INSTRUCTIONS TO FOLLOW. Would you copy out each line of the records below that includes the word "Leather"?

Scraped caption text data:
▶

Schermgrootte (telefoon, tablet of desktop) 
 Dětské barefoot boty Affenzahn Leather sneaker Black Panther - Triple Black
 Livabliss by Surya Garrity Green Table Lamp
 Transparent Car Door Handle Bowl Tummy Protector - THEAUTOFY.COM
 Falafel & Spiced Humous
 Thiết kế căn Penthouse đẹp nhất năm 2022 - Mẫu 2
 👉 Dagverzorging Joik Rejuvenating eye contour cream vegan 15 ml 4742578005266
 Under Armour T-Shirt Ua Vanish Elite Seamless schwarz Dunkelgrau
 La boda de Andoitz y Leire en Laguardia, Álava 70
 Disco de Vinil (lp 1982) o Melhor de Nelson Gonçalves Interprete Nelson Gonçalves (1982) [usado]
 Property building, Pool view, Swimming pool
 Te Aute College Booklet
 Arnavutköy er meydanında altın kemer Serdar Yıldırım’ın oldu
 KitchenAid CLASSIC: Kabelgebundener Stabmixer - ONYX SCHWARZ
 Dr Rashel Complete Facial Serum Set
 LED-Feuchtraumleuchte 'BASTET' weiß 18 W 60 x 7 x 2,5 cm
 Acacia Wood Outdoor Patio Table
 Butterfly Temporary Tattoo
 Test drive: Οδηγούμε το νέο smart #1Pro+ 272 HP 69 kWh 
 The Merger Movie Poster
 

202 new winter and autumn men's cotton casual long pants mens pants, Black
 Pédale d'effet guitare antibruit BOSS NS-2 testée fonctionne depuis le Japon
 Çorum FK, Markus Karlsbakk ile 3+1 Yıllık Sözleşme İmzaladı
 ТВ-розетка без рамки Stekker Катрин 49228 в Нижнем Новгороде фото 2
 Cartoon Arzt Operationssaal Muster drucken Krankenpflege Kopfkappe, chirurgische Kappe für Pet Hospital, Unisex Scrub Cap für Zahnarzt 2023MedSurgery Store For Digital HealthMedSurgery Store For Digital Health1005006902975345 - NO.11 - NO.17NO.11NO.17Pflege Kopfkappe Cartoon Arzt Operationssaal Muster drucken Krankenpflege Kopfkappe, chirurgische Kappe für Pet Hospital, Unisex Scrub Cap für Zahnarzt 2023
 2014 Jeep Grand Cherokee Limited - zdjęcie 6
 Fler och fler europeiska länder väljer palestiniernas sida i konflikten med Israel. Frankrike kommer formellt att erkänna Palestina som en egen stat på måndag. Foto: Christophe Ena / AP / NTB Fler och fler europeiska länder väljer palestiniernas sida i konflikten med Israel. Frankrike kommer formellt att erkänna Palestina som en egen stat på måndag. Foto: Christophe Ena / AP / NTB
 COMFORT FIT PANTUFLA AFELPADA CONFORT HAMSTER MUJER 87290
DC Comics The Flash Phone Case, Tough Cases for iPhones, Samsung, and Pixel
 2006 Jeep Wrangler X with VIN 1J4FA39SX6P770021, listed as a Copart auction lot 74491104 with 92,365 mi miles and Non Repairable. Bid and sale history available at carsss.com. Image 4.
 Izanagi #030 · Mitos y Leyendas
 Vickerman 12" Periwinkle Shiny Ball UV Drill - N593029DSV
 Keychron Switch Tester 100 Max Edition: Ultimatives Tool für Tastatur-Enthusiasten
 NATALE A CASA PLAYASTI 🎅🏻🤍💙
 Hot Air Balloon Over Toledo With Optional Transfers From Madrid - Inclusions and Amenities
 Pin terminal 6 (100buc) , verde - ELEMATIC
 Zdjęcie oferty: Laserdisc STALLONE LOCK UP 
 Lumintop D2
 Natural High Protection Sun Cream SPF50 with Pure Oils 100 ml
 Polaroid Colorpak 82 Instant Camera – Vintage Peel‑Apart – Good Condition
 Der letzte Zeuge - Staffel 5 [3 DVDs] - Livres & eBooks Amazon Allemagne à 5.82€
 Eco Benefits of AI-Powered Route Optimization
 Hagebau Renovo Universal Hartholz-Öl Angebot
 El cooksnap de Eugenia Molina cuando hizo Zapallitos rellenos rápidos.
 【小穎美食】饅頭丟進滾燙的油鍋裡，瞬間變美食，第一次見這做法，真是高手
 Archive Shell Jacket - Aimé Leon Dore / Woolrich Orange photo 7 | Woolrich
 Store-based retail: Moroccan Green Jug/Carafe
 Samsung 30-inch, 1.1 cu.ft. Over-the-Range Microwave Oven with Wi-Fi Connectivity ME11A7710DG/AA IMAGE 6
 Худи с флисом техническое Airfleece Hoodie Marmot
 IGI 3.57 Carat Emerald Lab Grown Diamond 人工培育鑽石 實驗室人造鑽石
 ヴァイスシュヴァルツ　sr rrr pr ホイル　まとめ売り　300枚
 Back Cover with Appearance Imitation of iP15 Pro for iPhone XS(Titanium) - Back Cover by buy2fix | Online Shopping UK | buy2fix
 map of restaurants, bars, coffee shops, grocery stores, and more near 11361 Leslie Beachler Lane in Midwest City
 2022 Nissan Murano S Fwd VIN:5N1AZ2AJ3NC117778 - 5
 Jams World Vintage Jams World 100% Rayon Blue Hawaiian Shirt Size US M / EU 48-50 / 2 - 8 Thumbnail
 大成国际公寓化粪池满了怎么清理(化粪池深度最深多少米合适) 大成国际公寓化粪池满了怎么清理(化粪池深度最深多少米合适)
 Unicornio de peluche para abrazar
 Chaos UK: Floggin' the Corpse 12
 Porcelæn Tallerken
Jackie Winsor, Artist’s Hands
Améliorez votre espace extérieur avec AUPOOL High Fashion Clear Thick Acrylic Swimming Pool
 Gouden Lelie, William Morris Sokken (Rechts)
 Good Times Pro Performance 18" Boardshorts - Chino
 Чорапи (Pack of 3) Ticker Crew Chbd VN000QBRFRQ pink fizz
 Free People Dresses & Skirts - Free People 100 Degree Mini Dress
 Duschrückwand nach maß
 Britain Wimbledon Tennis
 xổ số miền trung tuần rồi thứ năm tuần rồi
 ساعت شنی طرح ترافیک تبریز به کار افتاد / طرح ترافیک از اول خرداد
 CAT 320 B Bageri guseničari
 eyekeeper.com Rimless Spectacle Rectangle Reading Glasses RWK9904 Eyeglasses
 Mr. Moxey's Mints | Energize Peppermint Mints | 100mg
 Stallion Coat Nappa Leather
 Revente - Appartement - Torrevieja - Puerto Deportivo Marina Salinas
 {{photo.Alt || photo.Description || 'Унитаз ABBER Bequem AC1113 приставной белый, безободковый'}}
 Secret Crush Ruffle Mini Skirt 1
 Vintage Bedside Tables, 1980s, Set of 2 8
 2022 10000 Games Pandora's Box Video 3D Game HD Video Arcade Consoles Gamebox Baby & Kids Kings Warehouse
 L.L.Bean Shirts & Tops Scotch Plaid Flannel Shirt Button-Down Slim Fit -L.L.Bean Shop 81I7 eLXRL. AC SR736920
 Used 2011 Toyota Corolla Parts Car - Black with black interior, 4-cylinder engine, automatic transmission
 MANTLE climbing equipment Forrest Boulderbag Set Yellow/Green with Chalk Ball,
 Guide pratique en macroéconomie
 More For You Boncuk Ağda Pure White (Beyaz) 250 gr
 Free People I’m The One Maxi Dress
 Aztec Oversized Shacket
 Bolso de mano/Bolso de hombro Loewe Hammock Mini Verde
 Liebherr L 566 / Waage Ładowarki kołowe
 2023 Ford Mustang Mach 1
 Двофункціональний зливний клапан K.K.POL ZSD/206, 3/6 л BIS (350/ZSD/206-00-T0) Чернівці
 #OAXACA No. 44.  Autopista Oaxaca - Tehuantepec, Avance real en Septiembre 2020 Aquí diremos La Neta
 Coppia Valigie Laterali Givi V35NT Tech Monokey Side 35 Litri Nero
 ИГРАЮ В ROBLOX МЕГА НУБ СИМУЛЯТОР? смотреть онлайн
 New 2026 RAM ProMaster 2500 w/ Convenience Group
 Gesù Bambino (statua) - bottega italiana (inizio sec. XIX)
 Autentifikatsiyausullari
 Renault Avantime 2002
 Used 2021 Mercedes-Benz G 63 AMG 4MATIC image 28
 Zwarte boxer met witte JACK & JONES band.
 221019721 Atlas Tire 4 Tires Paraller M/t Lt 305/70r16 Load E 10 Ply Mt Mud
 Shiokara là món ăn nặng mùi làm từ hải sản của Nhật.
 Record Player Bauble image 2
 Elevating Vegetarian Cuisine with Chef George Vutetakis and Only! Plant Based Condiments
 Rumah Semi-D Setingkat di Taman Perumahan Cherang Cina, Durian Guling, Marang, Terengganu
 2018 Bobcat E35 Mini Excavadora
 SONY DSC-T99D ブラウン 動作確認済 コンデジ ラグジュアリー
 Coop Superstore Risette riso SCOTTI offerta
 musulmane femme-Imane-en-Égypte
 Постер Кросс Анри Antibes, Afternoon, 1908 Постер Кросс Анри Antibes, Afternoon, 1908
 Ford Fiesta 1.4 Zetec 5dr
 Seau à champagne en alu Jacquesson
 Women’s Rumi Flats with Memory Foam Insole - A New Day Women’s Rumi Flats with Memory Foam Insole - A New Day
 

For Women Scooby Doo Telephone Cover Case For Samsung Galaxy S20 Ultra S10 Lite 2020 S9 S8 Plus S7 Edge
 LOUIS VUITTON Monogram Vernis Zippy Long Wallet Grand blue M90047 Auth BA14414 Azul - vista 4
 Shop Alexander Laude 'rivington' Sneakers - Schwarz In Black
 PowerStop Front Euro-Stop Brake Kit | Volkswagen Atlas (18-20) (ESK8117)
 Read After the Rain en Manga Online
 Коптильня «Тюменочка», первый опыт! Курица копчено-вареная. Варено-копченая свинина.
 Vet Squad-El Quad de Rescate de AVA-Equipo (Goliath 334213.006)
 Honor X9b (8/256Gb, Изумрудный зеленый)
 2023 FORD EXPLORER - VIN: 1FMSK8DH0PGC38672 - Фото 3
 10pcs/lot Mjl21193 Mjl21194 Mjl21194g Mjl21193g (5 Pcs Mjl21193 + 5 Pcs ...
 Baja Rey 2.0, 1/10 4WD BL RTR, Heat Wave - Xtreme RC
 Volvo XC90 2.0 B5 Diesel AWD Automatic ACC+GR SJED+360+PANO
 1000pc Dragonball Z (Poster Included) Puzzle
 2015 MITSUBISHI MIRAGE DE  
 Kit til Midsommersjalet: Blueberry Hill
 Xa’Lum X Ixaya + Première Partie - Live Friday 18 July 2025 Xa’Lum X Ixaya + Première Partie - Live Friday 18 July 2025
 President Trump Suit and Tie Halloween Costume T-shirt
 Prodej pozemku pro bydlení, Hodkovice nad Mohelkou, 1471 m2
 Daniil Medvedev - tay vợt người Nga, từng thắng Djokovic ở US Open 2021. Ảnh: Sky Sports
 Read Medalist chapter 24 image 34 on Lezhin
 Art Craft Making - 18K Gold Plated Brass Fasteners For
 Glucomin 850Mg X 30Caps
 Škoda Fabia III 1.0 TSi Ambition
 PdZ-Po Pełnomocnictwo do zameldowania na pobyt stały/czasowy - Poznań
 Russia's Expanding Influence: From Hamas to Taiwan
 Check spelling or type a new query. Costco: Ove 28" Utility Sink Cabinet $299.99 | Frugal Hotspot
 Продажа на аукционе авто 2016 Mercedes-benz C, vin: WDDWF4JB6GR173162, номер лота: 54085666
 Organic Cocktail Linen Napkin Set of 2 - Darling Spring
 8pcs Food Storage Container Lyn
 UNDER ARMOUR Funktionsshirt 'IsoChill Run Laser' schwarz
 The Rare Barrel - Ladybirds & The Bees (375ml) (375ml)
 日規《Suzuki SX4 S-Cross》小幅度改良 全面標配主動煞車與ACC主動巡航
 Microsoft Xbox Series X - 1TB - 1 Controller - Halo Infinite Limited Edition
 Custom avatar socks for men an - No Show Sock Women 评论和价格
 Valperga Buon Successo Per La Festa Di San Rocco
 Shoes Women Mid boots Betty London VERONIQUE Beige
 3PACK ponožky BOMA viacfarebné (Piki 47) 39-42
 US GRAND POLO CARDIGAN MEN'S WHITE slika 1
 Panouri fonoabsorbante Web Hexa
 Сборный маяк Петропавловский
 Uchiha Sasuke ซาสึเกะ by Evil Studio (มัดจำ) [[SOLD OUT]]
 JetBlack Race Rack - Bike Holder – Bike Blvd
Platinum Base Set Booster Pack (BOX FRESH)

◀

SOLUTION BELOW.
 Dětské barefoot boty Affenzahn Leather sneaker Black Panther - Triple Black
 Stallion Coat Nappa Leather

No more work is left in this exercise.